Statute of the Hague Conference on Private International Law
- Type: Convention
- Date of signature: 01/09/1953
- Place of signature: The Hague, The Netherlands
- Depositary: Government of the Netherlands
- Date of entry into force: 15/07/1955
What is it about?
The Hague Conference on Private International Law is an Intergovernmental Organization – headquartered at The Hague, the Netherlands – created “to work for the progressive unification of the rules of private international law” (Statute, Article 1). In order to achieve this, the Conference carries out negotiations and drafting of multilateral treaties in the different fields of private international law. After preparatory research done by the Secretariat, preliminary drafts of the Conventions are drawn up by the Special Commissions composed of governmental experts. The drafts are then discussed and adopted by State representatives at the Plenary Session of the Conference. The Conference deals with personal and family issues, such as status and protection of children, as well as with commercial issues – such as recognition of companies, conflict of laws for contracts and jurisdiction and enforcement of foreign judgments. The multilateral treaties signed within the Conference contribute to increase the degree of legal security of international commercial transactions.
Why is it relevant?
By adhering to the Conference, States can actively participate in the process of drafting (through Special Commissions) and adopting (at the Plenary Session) multilateral trade conventions in the field of private international law.
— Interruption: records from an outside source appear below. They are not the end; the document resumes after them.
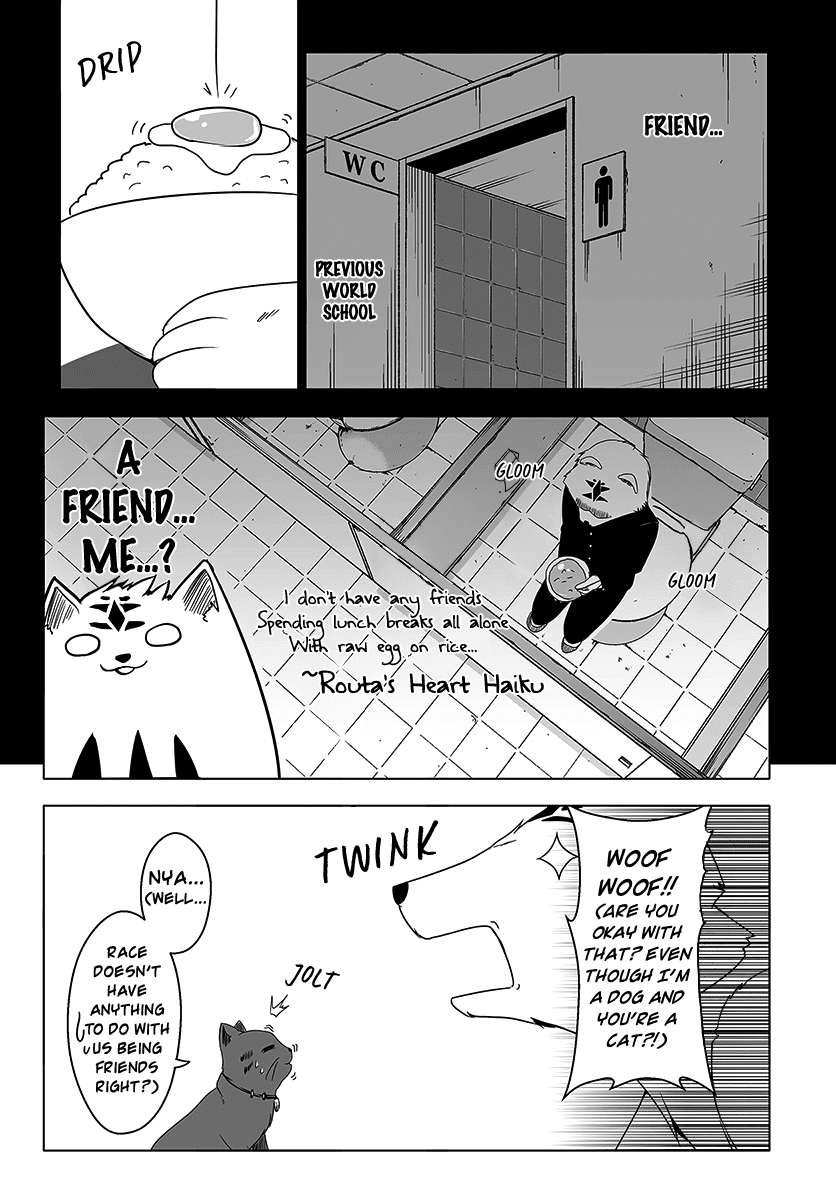 Wanwan Monogatari ~Kanemochi No Inu N Shite To Wa Itta Ga, Fenrir Ni Shiro To Wa Itte Nee!~ - Chapter 5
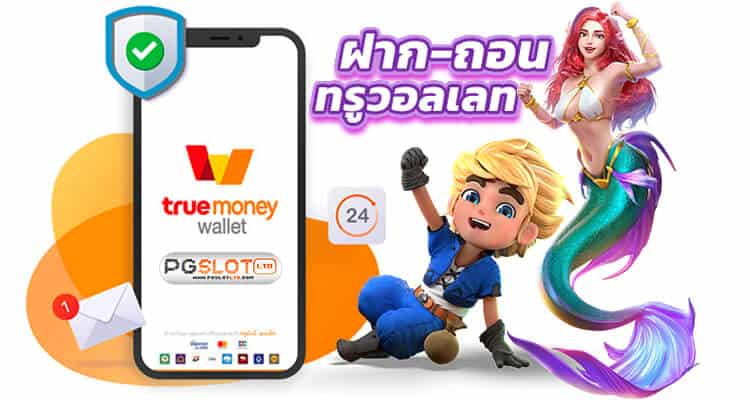 สล็อต ฝากถอน true wallet เว็บตรง ล่าสุด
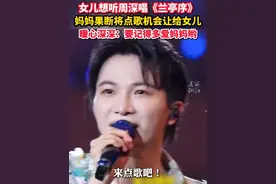 #妈妈在周深演唱会将点歌机会让给女儿暖心深深：孩子呀，以后要记得多爱妈妈哦。（来源：Vista看天下）#周深#演唱会现场视频封面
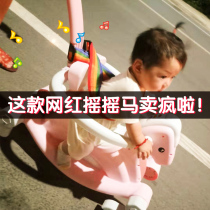 Childrens wooden horse Rocking horse One-year-old girl birthday gift Year-old baby girl puzzle one-to-two-year-old toy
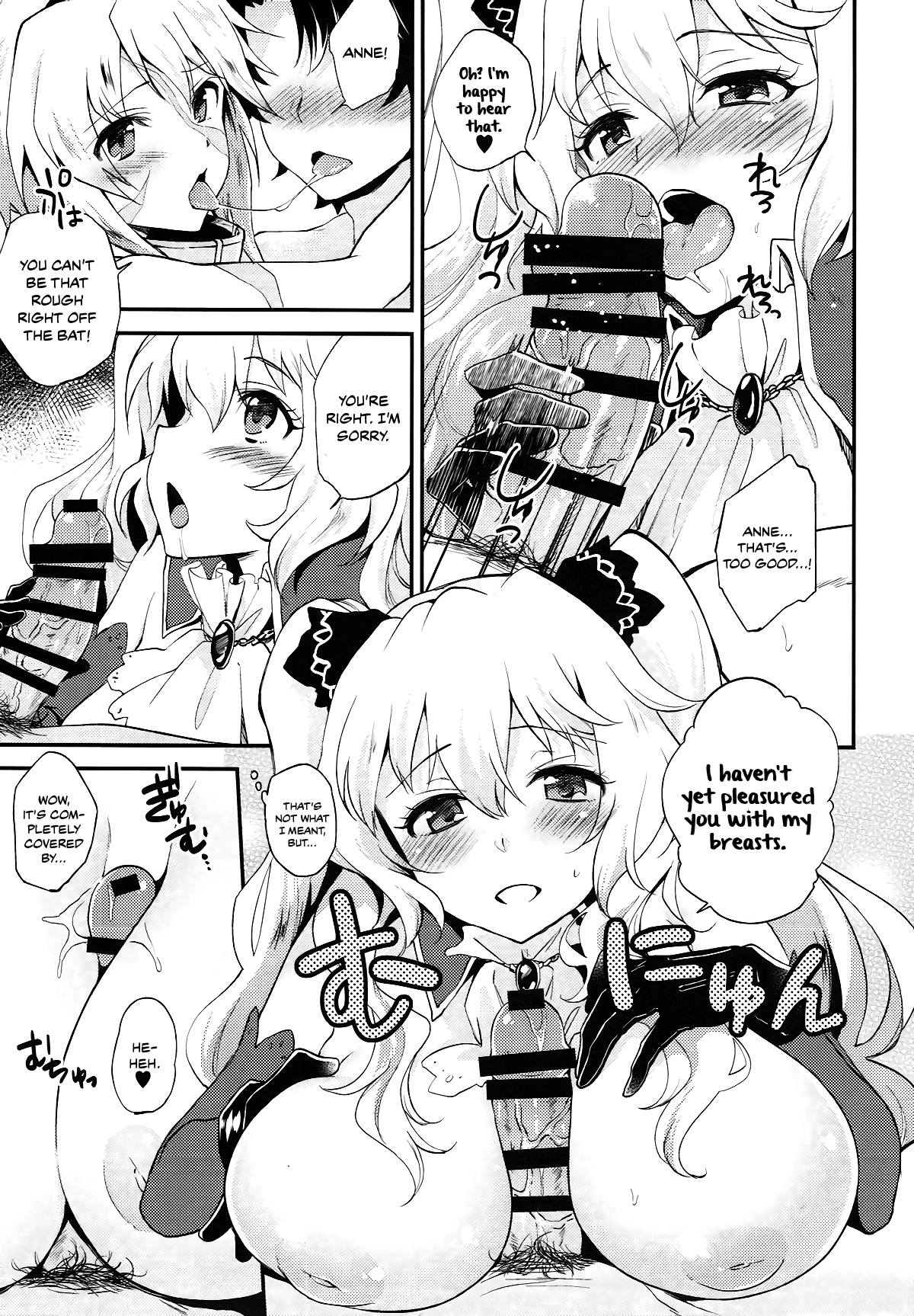 Lovebird Love page 7 full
Only if invited, non-member States can participate at the Plenary Session on equal footing with member States. In addition, the Secretariat of the Conference – the Permanent Bureau – maintains close contact with the governments of its Member States through National Organs designated by each government.
In order to promote international co-operation and to ensure co-ordination of the work undertaken by different bodies, the Hague Conference on Private International Law has close contacts with a number of International Organizations, including the United Nations.